[GIVEN RECORDS]

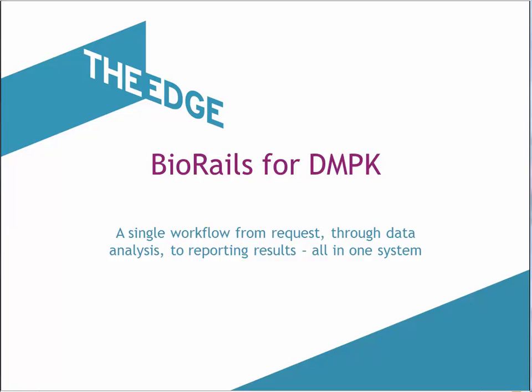BioRails for DMPK: a single workflow from request through data analysis to reporting results, all in one system.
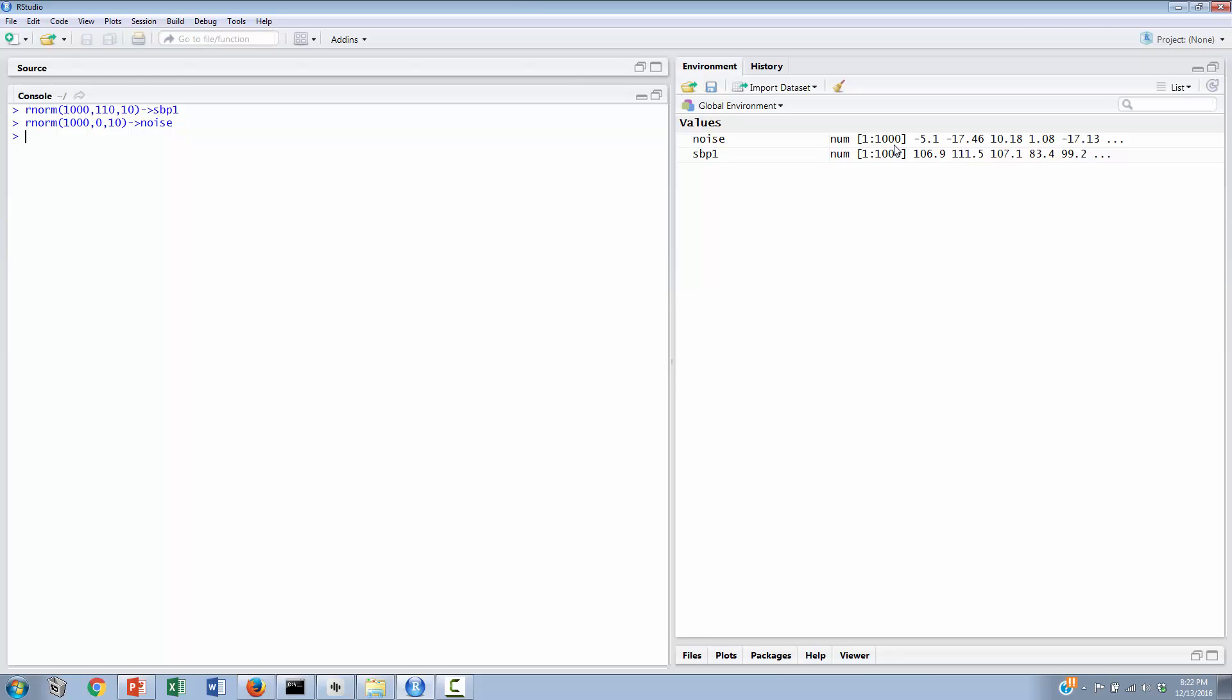We could pretend that if the participants came back the next week and we measured them one other time, we could generate some kind of systolic blood pressure measurement. This would have a strong correlation with the very first measurement, plus or minus some variability that we'll call noise. So one way of modeling this is very simply to assume that the current blood pressure is going to be equal to the very first blood pressure plus the variability.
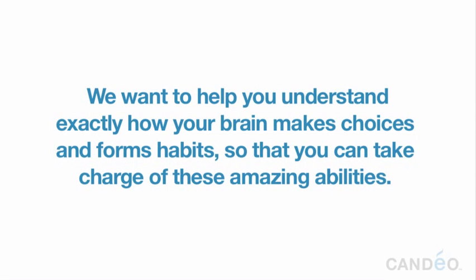We want to help you understand exactly how your brain makes choices and forms habits so that you can take charge of these amazing abilities.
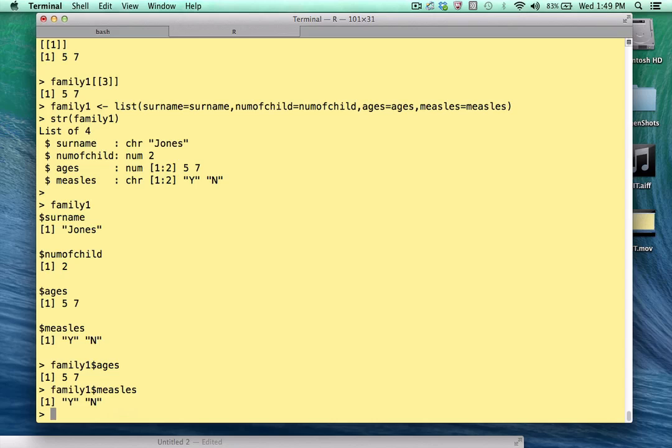So this is much more intuitive than working with unnamed elements. I will say that if you're a programmer, as you will see momentarily, that writing for loops, you typically don't use the names. You would use the element numbers. So there is some advantage to working with a list that does not have names.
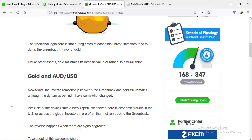During economic unrest, investors dump the US dollar and go for gold, which is why the price of gold goes up. If everything is going fine with the economy, investors usually invest in the US dollar because it is the largest economy in the world and the reserve currency. However, when there's economic trouble, investors pull their money out of the US dollar and put it into gold, so gold rises and the US dollar falls.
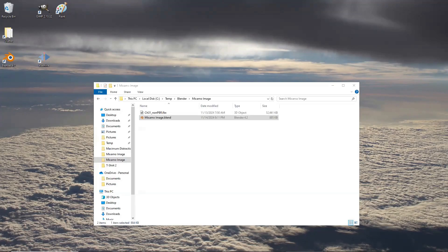Thank you for your interest in my Blender tutorial. For this video, I'm going to teach you how to modify the Mixamo character image. Let's assume that you already picked a character and downloaded it.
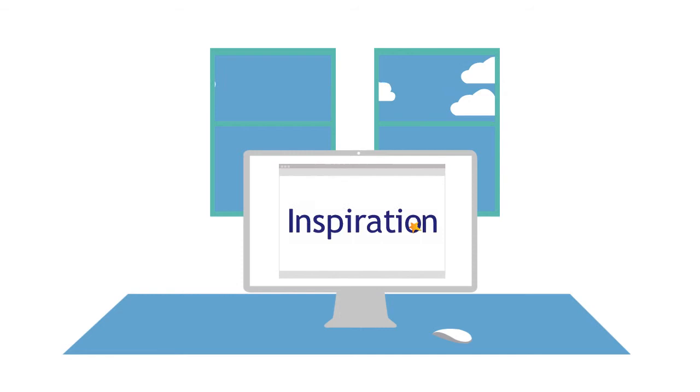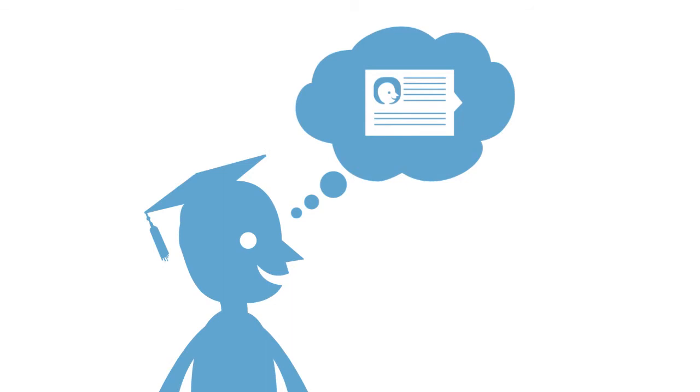Whether you're 10 years old or 40, Inspiration can work for you. It makes organizing your thoughts easy, regardless of learning style.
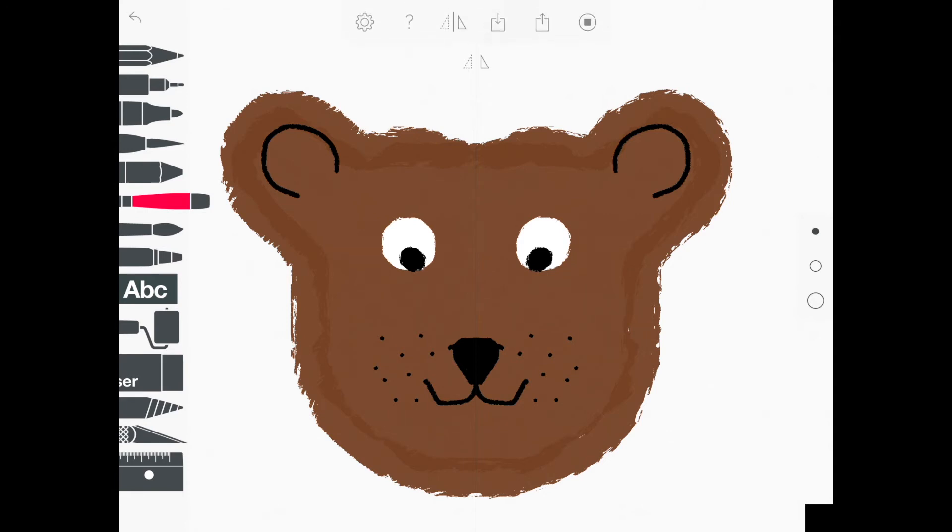Tap the three dots again at the top and tap the double triangles with the line and that will make that symmetry tool go away. Now there are two different ways you can take a picture of your art. The first way is to take a screenshot of it.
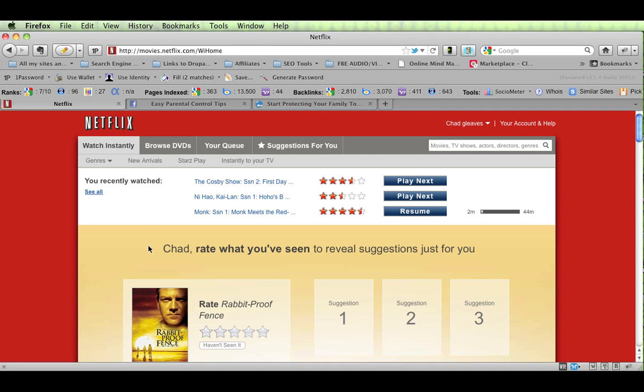Hey, this is Chad Gleaves with EasyParentalControlTips.com, and I want to show you two quick ways that you can monitor and set up your Netflix to better protect your children, to better protect your family.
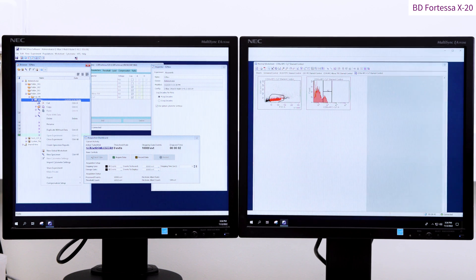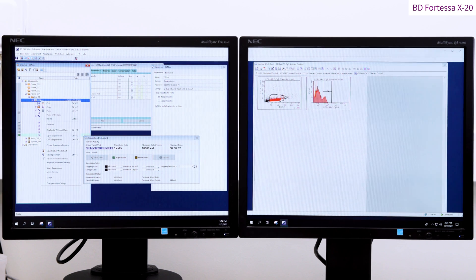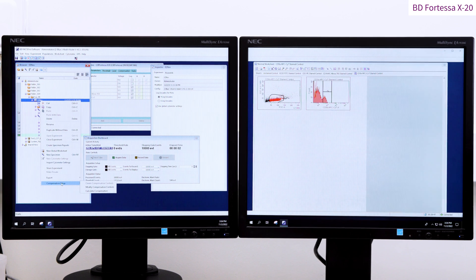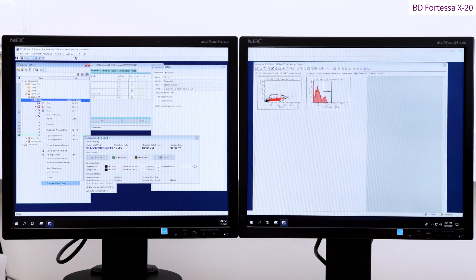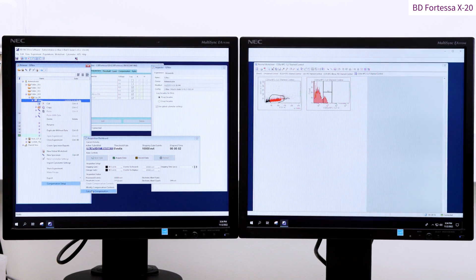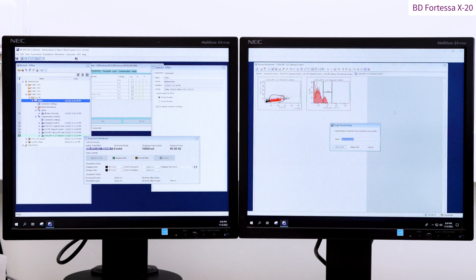Once all the P2 gates are properly allocated, right click on the experiment folder, go to compensation setup tab and press calculate compensation. The single stain setup table will appear. Choose the link and save option.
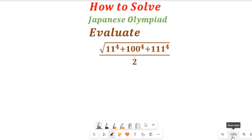In this video you will learn how to solve this Japanese Olympiad equation. We are asked to evaluate this expression involving square root and division without the use of a calculator. We are going to use algebraic logic in solving this question rather than a calculator.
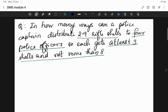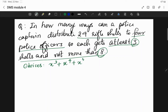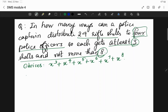First we have to determine the choices that we have. Each officer must receive at least 3 shells and not more than 8 shells. Minimum 3, maximum 8. These are the choices available to us for each individual police officer.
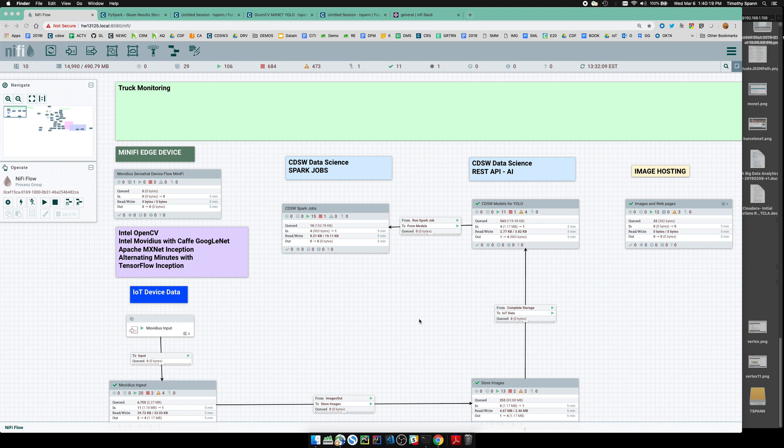We're going to go over a very simple edge to AI use case in the real world. We're going to be monitoring what's going on within our trucks around the country.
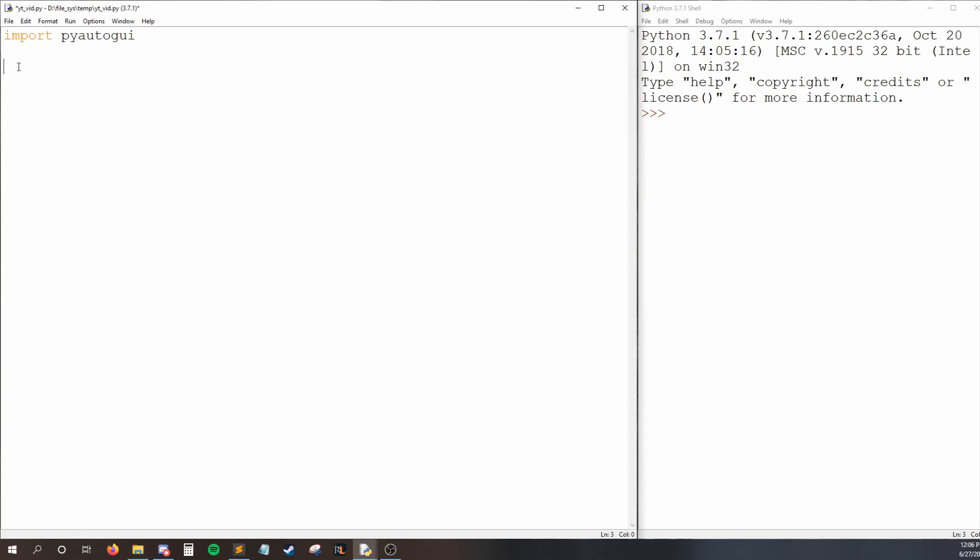So to get started, we need to import PyAutoGUI, and if you missed how to pip install that, you can check out the last video. So to begin, let's just have PyAutoGUI type out a simple word for us.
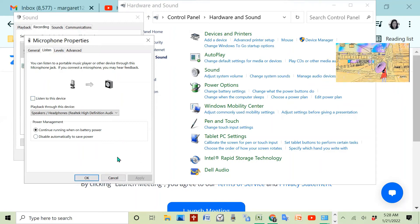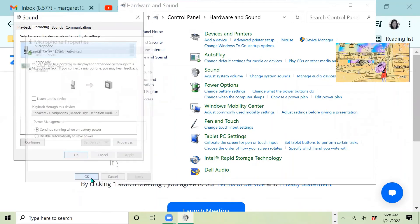That will get rid of the echo on Windows 10. That worked really well for me. I hope it works well for you as well. Give me a comment and let me know how it's going. Thank you.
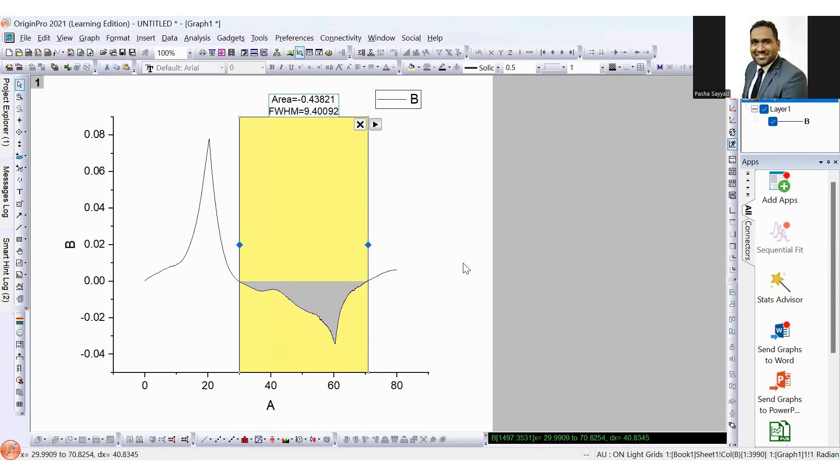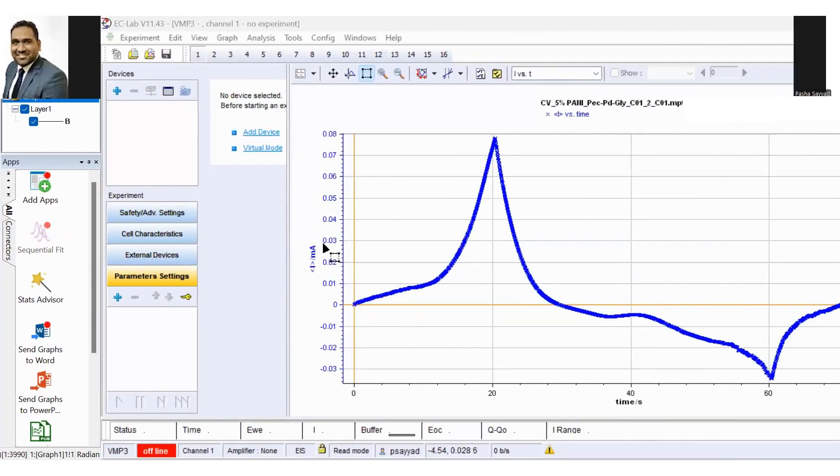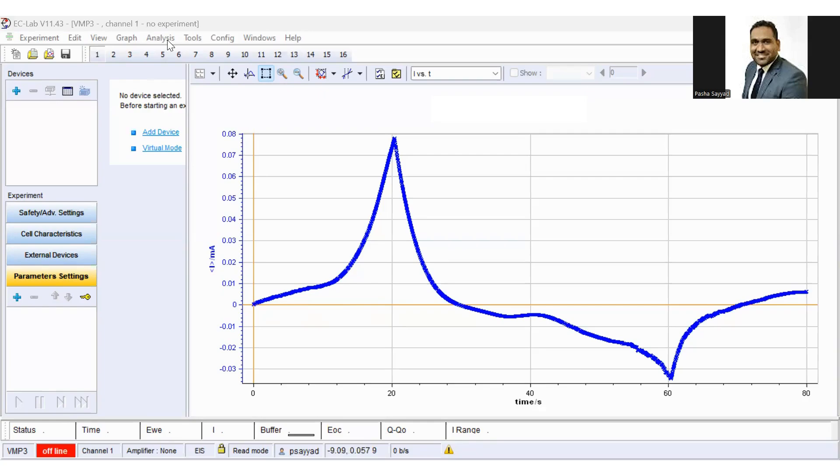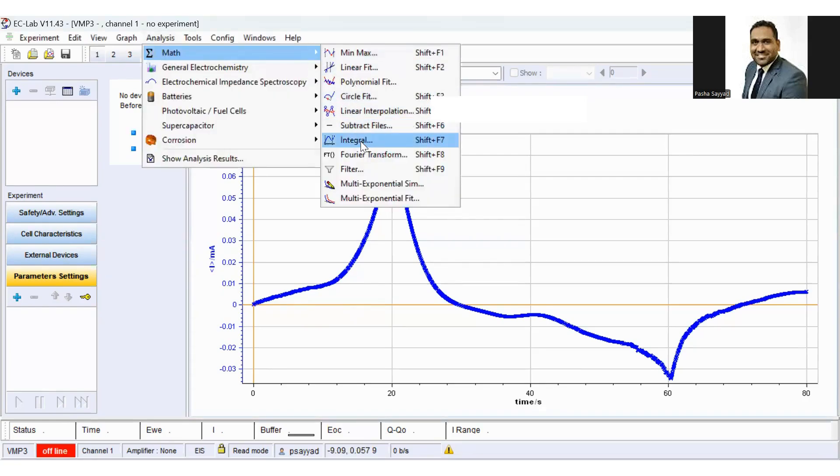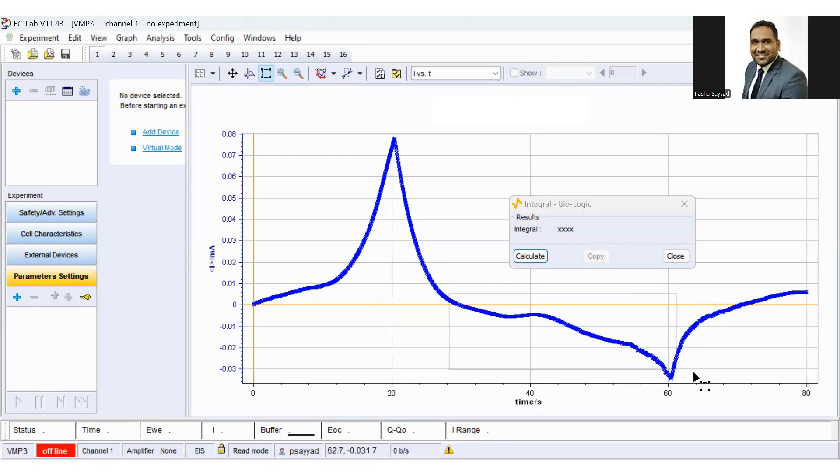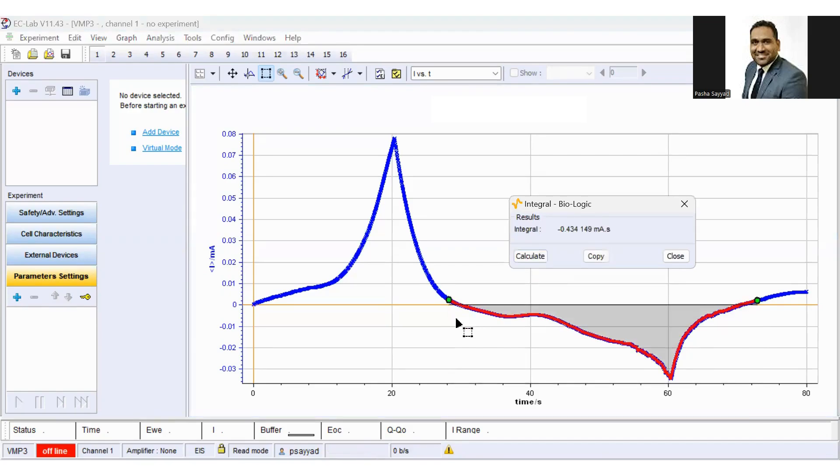Now, let's compare this integral with ECLAB software. This is current versus time curve. Let's calculate integral. To calculate integral using ECLAB software, click on analysis, math, and integral button. Now you can select the area below the baseline zero. We call it during the reduction process. And hit the calculate button.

[/GIVEN RECORDS]

◆ **TASK BRIEF**: After removing the pictures, restate the whole listing above word for word.

◆ **RESPONSE TO THE TASK**:
BioRails for DMPK: a single workflow from request through data analysis to reporting results, all in one system.
We could pretend that if the participants came back the next week and we measured them one other time, we could generate some kind of systolic blood pressure measurement. This would have a strong correlation with the very first measurement, plus or minus some variability that we'll call noise. So one way of modeling this is very simply to assume that the current blood pressure is going to be equal to the very first blood pressure plus the variability.
We want to help you understand exactly how your brain makes choices and forms habits so that you can take charge of these amazing abilities.
So this is much more intuitive than working with unnamed elements. I will say that if you're a programmer, as you will see momentarily, that writing for loops, you typically don't use the names. You would use the element numbers. So there is some advantage to working with a list that does not have names.
During economic unrest, investors dump the US dollar and go for gold, which is why the price of gold goes up. If everything is going fine with the economy, investors usually invest in the US dollar because it is the largest economy in the world and the reserve currency. However, when there's economic trouble, investors pull their money out of the US dollar and put it into gold, so gold rises and the US dollar falls.
Thank you for your interest in my Blender tutorial. For this video, I'm going to teach you how to modify the Mixamo character image. Let's assume that you already picked a character and downloaded it.
Whether you're 10 years old or 40, Inspiration can work for you. It makes organizing your thoughts easy, regardless of learning style.
Tap the three dots again at the top and tap the double triangles with the line and that will make that symmetry tool go away. Now there are two different ways you can take a picture of your art. The first way is to take a screenshot of it.
Hey, this is Chad Gleaves with EasyParentalControlTips.com, and I want to show you two quick ways that you can monitor and set up your Netflix to better protect your children, to better protect your family.
Once all the P2 gates are properly allocated, right click on the experiment folder, go to compensation setup tab and press calculate compensation. The single stain setup table will appear. Choose the link and save option.
In this video you will learn how to solve this Japanese Olympiad equation. We are asked to evaluate this expression involving square root and division without the use of a calculator. We are going to use algebraic logic in solving this question rather than a calculator.
First we have to determine the choices that we have. Each officer must receive at least 3 shells and not more than 8 shells. Minimum 3, maximum 8. These are the choices available to us for each individual police officer.
We're going to go over a very simple edge to AI use case in the real world. We're going to be monitoring what's going on within our trucks around the country.
So to get started, we need to import PyAutoGUI, and if you missed how to pip install that, you can check out the last video. So to begin, let's just have PyAutoGUI type out a simple word for us.
That will get rid of the echo on Windows 10. That worked really well for me. I hope it works well for you as well. Give me a comment and let me know how it's going. Thank you.
Now, let's compare this integral with ECLAB software. This is current versus time curve. Let's calculate integral. To calculate integral using ECLAB software, click on analysis, math, and integral button. Now you can select the area below the baseline zero. We call it during the reduction process. And hit the calculate button.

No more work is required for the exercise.